De nossas buscas e de nossas meditações se destaca assim uma grande lei: a pluralidade das existências da alma. Nós vivemos antes do nascimento e viveremos depois da morte e esta lei nos dá a chave de problemas até agora insolúveis, pois somente ela explica a desigualdade das condições e a infinita variedade dos caracteres e das aptidões. Conhecemos ou conheceremos, sucessivamente, todas as fases da vida terrestre e percorreremos todos os meios. No passado, nós éramos como esses selvagens que povoam os continentes atrasados; no futuro, nós nos poderemos elevar à grandeza desses gênios imortais, desses espíritos gigantes que, semelhantes a faróis luminosos, iluminam a marcha da humanidade.

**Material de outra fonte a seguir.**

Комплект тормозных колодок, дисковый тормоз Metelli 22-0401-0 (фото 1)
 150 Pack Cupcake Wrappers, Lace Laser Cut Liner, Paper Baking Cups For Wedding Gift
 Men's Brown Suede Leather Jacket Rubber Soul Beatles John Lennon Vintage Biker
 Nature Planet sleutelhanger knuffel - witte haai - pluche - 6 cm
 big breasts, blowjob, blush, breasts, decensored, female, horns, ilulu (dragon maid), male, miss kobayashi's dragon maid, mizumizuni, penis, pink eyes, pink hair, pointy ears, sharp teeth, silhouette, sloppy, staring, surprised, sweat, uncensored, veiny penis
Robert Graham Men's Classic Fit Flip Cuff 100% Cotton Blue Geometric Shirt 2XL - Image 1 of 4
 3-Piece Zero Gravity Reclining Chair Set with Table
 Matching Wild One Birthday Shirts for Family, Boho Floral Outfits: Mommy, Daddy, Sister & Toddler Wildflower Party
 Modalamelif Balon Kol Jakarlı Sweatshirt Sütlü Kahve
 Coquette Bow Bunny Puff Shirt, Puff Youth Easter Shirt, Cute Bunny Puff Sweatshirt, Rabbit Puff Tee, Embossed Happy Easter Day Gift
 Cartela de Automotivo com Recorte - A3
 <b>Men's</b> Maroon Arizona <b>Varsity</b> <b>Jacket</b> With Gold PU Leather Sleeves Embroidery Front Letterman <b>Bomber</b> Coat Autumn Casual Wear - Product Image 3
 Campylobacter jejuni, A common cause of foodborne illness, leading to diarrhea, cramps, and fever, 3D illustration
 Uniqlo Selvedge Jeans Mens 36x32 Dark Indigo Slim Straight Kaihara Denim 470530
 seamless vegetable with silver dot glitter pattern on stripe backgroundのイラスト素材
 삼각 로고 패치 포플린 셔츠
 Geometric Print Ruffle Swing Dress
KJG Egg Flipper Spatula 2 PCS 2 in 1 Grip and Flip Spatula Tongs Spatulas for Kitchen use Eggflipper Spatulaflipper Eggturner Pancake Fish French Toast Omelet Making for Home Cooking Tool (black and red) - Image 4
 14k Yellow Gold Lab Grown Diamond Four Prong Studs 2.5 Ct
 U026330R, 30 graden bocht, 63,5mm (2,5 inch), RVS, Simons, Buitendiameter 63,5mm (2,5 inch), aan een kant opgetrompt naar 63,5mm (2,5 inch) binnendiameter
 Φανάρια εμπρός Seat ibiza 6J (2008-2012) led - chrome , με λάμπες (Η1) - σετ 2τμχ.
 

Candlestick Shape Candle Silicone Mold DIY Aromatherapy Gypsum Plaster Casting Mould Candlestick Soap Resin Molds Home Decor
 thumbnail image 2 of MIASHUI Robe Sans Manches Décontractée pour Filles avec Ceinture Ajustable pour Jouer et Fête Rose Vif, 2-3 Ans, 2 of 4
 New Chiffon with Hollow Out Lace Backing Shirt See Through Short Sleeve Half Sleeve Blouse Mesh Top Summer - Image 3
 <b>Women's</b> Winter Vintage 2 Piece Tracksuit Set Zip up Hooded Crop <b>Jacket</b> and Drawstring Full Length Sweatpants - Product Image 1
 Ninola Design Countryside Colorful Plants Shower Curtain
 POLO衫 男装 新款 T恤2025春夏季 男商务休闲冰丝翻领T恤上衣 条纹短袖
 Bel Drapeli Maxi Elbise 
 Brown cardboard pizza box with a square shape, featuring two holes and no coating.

O tempo e o trabalho são os dois elementos de nosso progresso e a lei da reencarnação mostra, de uma forma brilhante, a soberana justiça que reina sobre todos os seres. Passo a passo, nos forjamos e quebramos, nós próprios, nossos grilhões. As provas terríveis, que alguns dentre nós sofrem, são a consequência de uma conduta do passado.

O déspota renasce escravo; a mulher altiva e vaidosa por sua beleza tomará um corpo enfermo e sofredor; o preguiçoso voltará como servo, curvado sob uma tarefa ingrata, e aquele que fez sofrer, por seu turno, sofrerá. É inútil procurar o inferno nas regiões desconhecidas e distantes. O inferno está em torno de nós e se oculta nas dobras ignoradas da alma culpada, na qual só a expiação pode fazer cessar as dores.

Entretanto, dirão, se outras vidas precederam o nascimento, por que perdemos sua lembrança e como poderemos resgatar com sucesso faltas esquecidas?

A lembrança! Ela não seria mais que um terrível grilhão atado aos nossos pés! Mal saída das idades da fúria, escapando, ontem, da bestialidade feroz, qual deve ser esse passado de cada um de nós? Pelas etapas vencidas, quantas lágrimas temos feito correr e quanto sangue temos derramado! Conhecemos o ódio e praticamos a injustiça. Que fardo moral essa longa perspectiva de faltas para um pobre espírito já débil e cambaleante! Depois, a lembrança de nosso próprio passado estaria ligada, de uma forma íntima, à lembrança do passado de outras pessoas. Que desagradável situação para o culpado, marcado assim com o ferro em brasa pela eternidade!

E os ódios, os erros se perpetuariam pela mesma razão, criando divisões profundas e eternas no seio dessa humanidade já tão sacrificada. Sim, Deus fez bem em apagar de nossos frágeis cérebros a lembrança de um passado perigoso. Após termos bebido as águas do Léthé, renascemos numa nova vida.

Uma educação diferente, uma civilização mais ampla faz espantar os fantasmas que perturbaram outrora nosso espírito.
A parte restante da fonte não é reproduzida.